*Work task*. Every line of the material below that contains the string "white" must appear in the answer.

*Source information*.

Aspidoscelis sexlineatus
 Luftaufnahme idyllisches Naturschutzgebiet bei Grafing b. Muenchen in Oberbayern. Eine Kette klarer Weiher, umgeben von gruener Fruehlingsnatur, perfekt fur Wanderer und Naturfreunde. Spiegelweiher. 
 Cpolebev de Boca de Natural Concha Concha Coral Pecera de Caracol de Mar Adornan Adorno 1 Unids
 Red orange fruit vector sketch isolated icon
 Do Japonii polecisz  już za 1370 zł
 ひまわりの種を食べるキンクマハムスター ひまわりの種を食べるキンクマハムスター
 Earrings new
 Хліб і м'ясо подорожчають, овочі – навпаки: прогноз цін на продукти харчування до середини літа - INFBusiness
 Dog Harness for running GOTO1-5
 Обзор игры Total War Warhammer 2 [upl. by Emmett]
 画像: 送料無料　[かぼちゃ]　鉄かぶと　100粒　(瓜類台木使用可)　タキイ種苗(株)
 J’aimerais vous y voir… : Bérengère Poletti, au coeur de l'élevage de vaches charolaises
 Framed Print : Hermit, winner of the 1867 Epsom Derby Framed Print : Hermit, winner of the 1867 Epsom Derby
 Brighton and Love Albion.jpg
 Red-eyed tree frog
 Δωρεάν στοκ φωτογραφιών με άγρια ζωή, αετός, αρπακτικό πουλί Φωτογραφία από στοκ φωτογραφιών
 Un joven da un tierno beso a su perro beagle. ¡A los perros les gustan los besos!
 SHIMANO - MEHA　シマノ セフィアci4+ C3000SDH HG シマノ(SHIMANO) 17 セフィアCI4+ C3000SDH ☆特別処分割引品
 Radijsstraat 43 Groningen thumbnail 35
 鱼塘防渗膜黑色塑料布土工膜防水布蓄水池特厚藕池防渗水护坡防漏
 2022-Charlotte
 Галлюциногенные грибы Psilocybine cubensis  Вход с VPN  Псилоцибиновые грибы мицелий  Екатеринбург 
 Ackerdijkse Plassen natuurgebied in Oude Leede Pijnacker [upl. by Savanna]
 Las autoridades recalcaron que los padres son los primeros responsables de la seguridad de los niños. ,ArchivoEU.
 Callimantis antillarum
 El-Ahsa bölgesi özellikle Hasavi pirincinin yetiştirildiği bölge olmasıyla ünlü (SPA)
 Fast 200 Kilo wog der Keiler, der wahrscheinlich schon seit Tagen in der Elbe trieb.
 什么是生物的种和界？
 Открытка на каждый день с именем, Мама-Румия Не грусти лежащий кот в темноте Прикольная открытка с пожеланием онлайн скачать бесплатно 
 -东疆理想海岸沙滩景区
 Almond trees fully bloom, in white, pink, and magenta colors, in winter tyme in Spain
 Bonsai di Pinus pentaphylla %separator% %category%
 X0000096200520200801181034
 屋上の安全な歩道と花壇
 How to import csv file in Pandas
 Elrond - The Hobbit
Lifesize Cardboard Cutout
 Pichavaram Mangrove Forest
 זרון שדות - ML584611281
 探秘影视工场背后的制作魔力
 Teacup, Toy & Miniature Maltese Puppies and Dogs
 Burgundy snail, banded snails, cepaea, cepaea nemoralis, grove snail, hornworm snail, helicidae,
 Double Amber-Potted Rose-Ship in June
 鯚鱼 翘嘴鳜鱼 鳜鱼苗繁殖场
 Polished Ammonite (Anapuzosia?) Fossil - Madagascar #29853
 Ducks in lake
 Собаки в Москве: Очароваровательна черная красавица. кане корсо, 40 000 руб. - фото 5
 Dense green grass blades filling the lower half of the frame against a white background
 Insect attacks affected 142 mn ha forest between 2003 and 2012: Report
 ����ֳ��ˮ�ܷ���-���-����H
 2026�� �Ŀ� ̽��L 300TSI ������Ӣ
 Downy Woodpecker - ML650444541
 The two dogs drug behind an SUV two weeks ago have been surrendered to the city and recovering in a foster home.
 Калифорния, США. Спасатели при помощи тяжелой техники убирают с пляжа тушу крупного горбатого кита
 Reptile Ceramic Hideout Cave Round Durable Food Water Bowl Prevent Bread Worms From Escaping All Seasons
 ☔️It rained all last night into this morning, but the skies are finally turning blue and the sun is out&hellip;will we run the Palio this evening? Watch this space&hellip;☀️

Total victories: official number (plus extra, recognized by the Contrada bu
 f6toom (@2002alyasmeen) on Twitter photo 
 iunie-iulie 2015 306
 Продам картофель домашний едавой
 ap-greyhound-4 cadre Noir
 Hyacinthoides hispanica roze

*Solution to this exercise*.
 Almond trees fully bloom, in white, pink, and magenta colors, in winter tyme in Spain
 Dense green grass blades filling the lower half of the frame against a white background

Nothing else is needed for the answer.